I wanted to see if any of the DTG guys have been keeping up with the Gildan 2000 issue. I have heard from others on this forum that Gildan has started using a softener to their 2000 line which could very well be what has happened to them as of late. I find that the gildans I have bought recently have to take a larger amount of pretreatment as well as more ink mainly cause the pretreatment still does not seem to apply as well.

From my experience I live and deal with distributors in the south and first noticed the change around February and from my last order earlier this month I have not noticed any change in black, white, red, or navy. 
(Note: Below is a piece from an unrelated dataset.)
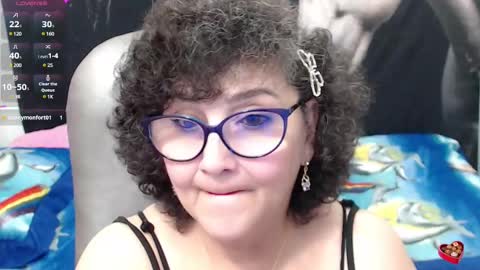 Snapshot of cataleya_mom_ chatting on February 19, 3:39 am cataleya  online show from February 19, 3:39 am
I have heard that the problem was rectified but I was told that stocks with the "softeners" would be gone thru this the summer.
So I want other Direct to Garment Printers to weight in on if they are having the same issues or if they are seeing an improvement and from what area they are from.


----------



## lkt1954 (Nov 15, 2009)

We have been using the Gildan 2000 for doing test prints and have done a couple of jobs with the orange and black tees. Prints have been good and yet have had any returns due to quality issues. In learning our neoflex I have printed numerous tees and washed at least 5 times and if the pretreatment was right we got great wash results. Right now we are printing 50 of the safety green with a front logo with no white and it looks good and washes good. In fact I have had better results dialing in my pretreatment settings on the G2000 than the keya tees.


----------



## BandPrints (Feb 4, 2007)

We used to print Gildan 5000 & 2000 but have switched to the FOL and Jerzees HD style of shirts. We find they print better, get a more consistent pre-treat, and we can dial in our white ink percentage much better. Last week we did a run of 150 units with 85% base white, 0% highlight and they came out awesome.


----------



## equipmentzone (Mar 26, 2008)

BandPrints said:


> We used to print Gildan 5000 & 2000 but have switched to the FOL and Jerzees HD style of shirts. We find they print better, get a more consistent pre-treat, and we can dial in our white ink percentage much better. Last week we did a run of 150 units with 85% base white, 0% highlight and they came out awesome.




Both the Jerzees HIDENSI-T and Fruit of Loom HD styles are supposedly designed with direct to garment printing in mind.


_


----------